For this exercise please fill in the rest of the function to generate recommendations

**HINT** It's easier if you use the pydantic integration to convert results

**SOLUTION**
1. we use the usual table.search() method to retrieve similar results
2. But here we convert the results to Content instances
3. Which then makes it very easy for us to return the 3 fields asked by the exercise

In [11]:
def get_recommendations(title: str) -> list[(int, str, str)]:
    # First we retrieve the vector for the input title
    query_vector = (table.to_lance()
                    .to_table(filter=f"title='{title}'")["vector"].to_numpy()[0])
    # Please write the code to search for the 5 most similar titles
    results = table.search(query_vector).limit(5).to_pydantic(Content)
    # For each result, return the movie_id, title, and imdb_url
    return [(c.movie_id, c.title, c.imdb_url) for c in results]

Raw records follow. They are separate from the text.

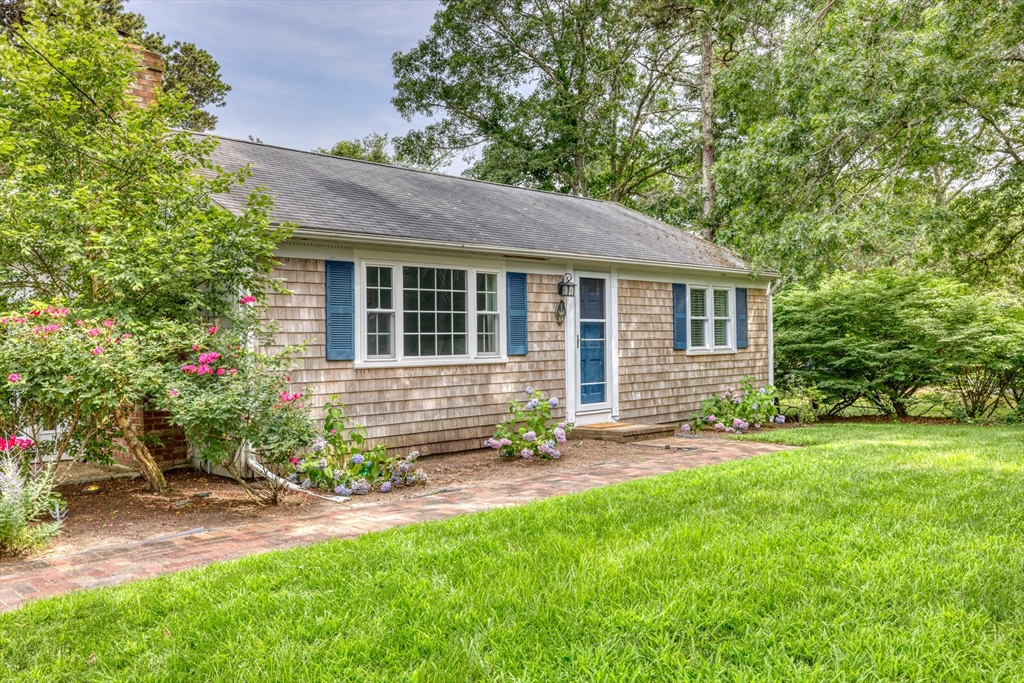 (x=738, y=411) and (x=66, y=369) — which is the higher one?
(x=66, y=369)

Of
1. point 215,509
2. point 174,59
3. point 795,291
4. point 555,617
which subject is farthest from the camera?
point 174,59

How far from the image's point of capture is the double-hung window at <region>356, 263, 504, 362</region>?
313 inches

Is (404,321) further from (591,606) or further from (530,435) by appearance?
(591,606)

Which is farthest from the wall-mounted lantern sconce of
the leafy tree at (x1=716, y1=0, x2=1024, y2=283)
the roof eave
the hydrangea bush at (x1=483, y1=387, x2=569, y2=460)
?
the leafy tree at (x1=716, y1=0, x2=1024, y2=283)

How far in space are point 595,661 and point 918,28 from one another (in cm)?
1210

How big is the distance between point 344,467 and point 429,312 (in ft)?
7.75

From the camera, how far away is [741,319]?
1253 cm

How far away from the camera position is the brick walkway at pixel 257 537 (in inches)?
152

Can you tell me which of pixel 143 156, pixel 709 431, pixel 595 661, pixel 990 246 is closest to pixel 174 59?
pixel 143 156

If a user watched the movie titled "Moana (2016)", what should we recommend to the user?

In [12]:
get_recommendations("Moana (2016)")

[(166461, 'Moana (2016)', 'https://www.imdb.com/title/tt3521164'),
 (168418, 'The Boss Baby (2017)', 'https://www.imdb.com/title/tt3874544'),
 (115664, 'The Book of Life (2014)', 'https://www.imdb.com/title/tt2262227'),
 (162578,
  'Kubo and the Two Strings (2016)',
  'https://www.imdb.com/title/tt4302938'),
 (161580, 'Bad Moms (2016)', 'https://www.imdb.com/title/tt4651520')]

What about "Rogue One: A Star Wars Story (2016)"?

In [13]:
get_recommendations("Rogue One: A Star Wars Story (2016)")

[(166528,
  'Rogue One: A Star Wars Story (2016)',
  'https://www.imdb.com/title/tt3748528'),
 (143355, 'Wonder Woman (2017)', 'https://www.imdb.com/title/tt451279'),
 (166568, 'Miss Sloane (2016)', 'https://www.imdb.com/title/tt4540710'),
 (166635, 'Passengers (2016)', 'https://www.imdb.com/title/tt1355644'),
 (103042, 'Man of Steel (2013)', 'https://www.imdb.com/title/tt770828')]

Do these look reasonable? How would you improve this recommender system?